# Exercise details
Below are several records. Retype exactly those lines running from the one with "Christmas tree-shaped earrings" through the one with "a balcony with", end lines included, and no others.

# Data under study
- - - - - - -

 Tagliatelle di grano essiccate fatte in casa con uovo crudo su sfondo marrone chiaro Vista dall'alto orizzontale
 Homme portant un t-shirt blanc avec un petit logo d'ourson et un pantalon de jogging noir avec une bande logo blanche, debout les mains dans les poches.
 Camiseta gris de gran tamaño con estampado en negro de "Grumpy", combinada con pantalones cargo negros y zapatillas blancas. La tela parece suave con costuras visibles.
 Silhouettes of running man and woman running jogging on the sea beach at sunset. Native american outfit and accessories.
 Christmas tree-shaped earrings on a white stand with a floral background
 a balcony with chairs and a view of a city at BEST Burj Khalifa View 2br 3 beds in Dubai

- - - - - - -

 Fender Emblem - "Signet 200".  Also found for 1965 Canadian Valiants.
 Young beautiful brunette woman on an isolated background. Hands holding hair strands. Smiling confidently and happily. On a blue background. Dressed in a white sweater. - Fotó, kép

- - - - - - -

# Task solution
 Christmas tree-shaped earrings on a white stand with a floral background
 a balcony with chairs and a view of a city at BEST Burj Khalifa View 2br 3 beds in Dubai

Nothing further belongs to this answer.